▶ SOURCE DATA:
============

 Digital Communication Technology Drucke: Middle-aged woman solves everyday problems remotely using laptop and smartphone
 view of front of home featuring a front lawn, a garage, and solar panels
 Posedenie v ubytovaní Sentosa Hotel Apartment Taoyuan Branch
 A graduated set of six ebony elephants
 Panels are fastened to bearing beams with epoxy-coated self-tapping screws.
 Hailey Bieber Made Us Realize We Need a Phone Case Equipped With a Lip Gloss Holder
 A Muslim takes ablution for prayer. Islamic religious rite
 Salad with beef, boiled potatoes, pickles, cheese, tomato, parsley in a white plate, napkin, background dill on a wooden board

============

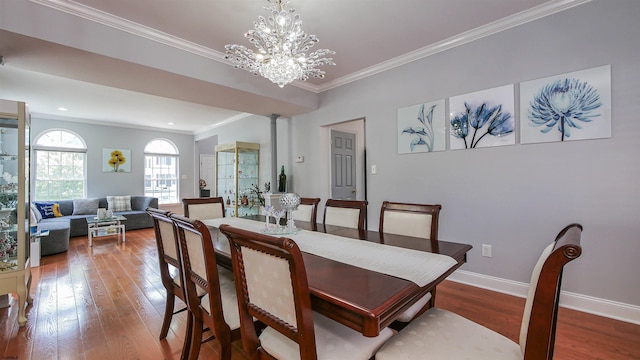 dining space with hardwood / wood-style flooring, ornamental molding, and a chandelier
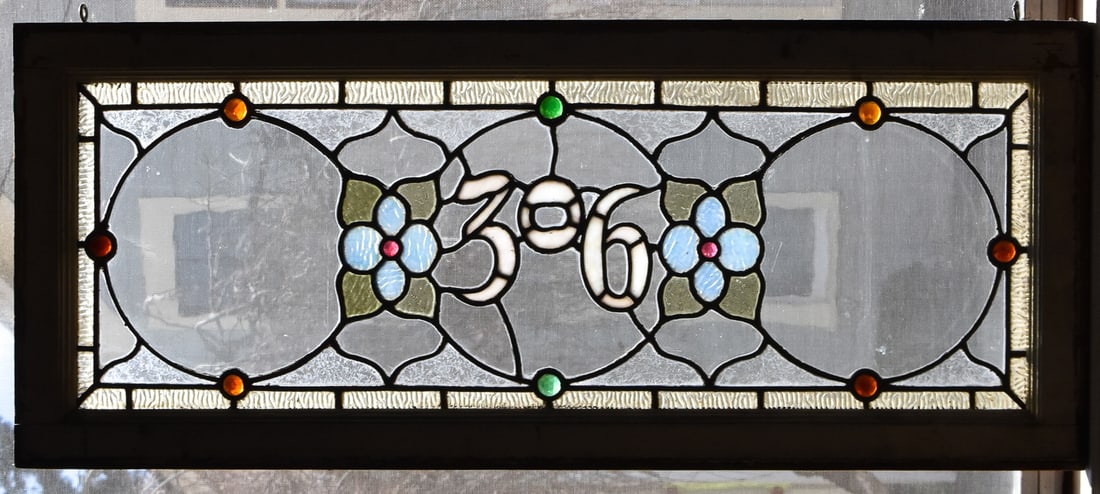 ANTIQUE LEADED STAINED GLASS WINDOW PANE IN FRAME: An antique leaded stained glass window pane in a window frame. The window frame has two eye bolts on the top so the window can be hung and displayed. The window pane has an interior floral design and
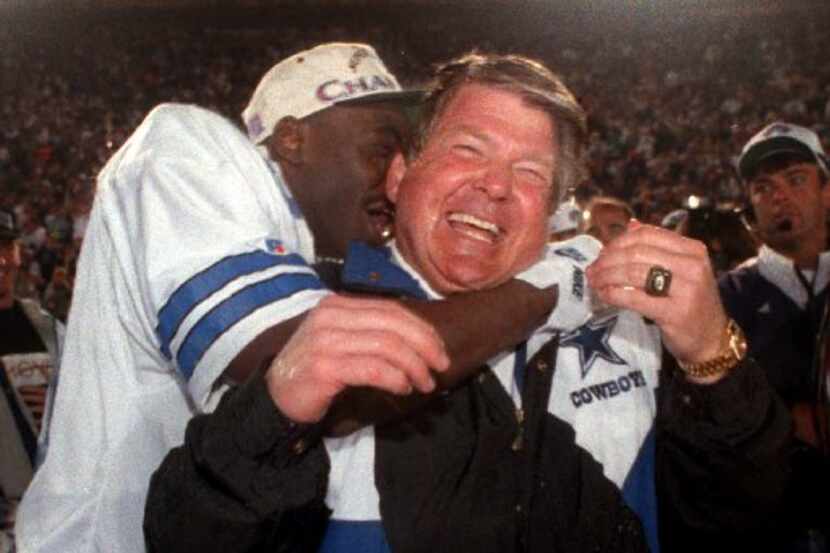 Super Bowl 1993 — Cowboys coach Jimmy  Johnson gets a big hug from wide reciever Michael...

============

▶ REQUIRED WORK: Would you please copy exactly the part of the entries above that begins at the line containing "Panels are fastened" and ends at the line containing "Salad with beef, boiled", both lines included?

▶ SOLUTION TO THIS PROBLEM:
 Panels are fastened to bearing beams with epoxy-coated self-tapping screws.
 Hailey Bieber Made Us Realize We Need a Phone Case Equipped With a Lip Gloss Holder
 A Muslim takes ablution for prayer. Islamic religious rite
 Salad with beef, boiled potatoes, pickles, cheese, tomato, parsley in a white plate, napkin, background dill on a wooden board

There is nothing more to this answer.